** GIVEN RECORDS follows **
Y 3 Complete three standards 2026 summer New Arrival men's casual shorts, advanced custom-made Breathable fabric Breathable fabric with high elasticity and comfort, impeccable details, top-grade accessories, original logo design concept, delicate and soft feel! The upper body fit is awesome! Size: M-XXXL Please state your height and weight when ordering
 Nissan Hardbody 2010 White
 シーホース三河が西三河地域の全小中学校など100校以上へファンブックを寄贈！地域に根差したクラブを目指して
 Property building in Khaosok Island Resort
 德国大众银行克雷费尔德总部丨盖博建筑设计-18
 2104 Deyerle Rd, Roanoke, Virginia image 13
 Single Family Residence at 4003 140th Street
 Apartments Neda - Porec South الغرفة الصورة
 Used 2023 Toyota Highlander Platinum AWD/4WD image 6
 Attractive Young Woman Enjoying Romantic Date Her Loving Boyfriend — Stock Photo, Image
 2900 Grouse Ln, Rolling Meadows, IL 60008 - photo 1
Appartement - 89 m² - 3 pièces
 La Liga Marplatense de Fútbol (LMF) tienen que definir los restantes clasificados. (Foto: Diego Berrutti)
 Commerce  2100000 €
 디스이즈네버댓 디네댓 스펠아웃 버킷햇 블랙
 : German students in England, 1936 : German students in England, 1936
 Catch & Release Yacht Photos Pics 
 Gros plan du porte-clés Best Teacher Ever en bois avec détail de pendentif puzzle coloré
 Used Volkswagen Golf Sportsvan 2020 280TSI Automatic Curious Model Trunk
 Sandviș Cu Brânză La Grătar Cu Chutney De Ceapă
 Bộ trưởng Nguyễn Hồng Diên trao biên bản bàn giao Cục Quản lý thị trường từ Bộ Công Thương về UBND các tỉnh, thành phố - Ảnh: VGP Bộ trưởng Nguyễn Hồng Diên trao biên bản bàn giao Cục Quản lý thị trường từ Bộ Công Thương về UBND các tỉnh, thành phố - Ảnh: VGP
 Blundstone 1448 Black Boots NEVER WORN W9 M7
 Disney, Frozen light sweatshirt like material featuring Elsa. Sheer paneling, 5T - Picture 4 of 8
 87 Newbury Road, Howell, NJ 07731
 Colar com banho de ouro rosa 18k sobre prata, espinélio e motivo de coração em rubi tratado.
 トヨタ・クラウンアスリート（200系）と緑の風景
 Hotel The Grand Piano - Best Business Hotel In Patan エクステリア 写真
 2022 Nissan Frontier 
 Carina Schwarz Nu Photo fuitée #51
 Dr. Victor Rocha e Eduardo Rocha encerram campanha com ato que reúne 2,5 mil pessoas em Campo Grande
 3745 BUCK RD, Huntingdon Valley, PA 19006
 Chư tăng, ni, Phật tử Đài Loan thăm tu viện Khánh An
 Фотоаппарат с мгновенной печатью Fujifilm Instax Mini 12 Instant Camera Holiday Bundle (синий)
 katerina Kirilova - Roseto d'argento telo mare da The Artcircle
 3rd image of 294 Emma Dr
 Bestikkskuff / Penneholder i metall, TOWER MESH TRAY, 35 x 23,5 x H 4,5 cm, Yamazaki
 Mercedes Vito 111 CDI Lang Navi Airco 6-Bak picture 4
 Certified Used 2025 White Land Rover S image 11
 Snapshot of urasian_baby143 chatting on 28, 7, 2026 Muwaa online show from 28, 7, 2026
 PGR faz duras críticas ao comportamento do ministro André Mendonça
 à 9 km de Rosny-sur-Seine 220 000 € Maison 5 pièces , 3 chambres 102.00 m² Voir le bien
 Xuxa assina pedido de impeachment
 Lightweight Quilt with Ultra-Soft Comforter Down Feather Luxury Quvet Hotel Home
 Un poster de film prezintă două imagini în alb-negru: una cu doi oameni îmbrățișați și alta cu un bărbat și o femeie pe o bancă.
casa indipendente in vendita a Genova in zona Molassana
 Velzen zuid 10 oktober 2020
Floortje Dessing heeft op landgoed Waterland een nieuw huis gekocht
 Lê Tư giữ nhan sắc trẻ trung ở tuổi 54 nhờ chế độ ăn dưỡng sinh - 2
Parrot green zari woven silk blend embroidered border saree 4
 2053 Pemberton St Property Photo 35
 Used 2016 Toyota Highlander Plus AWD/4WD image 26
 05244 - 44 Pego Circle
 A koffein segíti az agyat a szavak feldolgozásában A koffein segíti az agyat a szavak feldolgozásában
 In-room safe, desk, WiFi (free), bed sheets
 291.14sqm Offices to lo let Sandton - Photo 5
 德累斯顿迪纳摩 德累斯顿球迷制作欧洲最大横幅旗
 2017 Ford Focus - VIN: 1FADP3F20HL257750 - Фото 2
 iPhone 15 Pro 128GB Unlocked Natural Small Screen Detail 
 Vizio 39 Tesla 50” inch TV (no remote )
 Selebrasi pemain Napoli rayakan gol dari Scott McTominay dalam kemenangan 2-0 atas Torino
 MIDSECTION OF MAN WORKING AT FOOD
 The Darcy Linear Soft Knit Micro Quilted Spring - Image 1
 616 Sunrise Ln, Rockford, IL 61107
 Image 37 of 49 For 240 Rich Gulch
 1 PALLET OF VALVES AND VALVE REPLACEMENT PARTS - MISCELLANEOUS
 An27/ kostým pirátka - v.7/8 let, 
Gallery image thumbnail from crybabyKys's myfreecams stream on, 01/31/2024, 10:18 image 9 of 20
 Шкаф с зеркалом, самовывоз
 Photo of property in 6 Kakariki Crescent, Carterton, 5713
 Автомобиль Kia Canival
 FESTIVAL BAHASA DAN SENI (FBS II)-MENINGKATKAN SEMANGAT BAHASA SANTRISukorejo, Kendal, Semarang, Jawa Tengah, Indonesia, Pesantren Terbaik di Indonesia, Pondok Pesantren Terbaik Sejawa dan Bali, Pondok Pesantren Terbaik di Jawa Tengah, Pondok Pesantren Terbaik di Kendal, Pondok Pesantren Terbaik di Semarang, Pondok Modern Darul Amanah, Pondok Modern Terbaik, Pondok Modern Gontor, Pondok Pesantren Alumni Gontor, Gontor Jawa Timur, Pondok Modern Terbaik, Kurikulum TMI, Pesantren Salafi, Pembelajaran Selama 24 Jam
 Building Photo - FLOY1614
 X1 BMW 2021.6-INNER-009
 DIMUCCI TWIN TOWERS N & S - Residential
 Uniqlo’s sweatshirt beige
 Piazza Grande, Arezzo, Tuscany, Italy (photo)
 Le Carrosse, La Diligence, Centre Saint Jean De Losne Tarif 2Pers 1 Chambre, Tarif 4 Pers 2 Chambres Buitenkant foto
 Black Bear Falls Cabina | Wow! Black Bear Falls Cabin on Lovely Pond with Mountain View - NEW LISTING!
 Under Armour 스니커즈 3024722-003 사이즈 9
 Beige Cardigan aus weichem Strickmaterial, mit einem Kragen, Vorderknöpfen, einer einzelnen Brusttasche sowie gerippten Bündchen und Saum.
** End of GIVEN RECORDS **
WHAT THIS TASK INVOLVES = Looking at the data above, return every line from the one with "Dr. Victor Rocha" down to the one with "3rd image of 294 Emma Dr", exactly and inclusively.

RESPONSE TO THE TASK =
 Dr. Victor Rocha e Eduardo Rocha encerram campanha com ato que reúne 2,5 mil pessoas em Campo Grande
 3745 BUCK RD, Huntingdon Valley, PA 19006
 Chư tăng, ni, Phật tử Đài Loan thăm tu viện Khánh An
 Фотоаппарат с мгновенной печатью Fujifilm Instax Mini 12 Instant Camera Holiday Bundle (синий)
 katerina Kirilova - Roseto d'argento telo mare da The Artcircle
 3rd image of 294 Emma Dr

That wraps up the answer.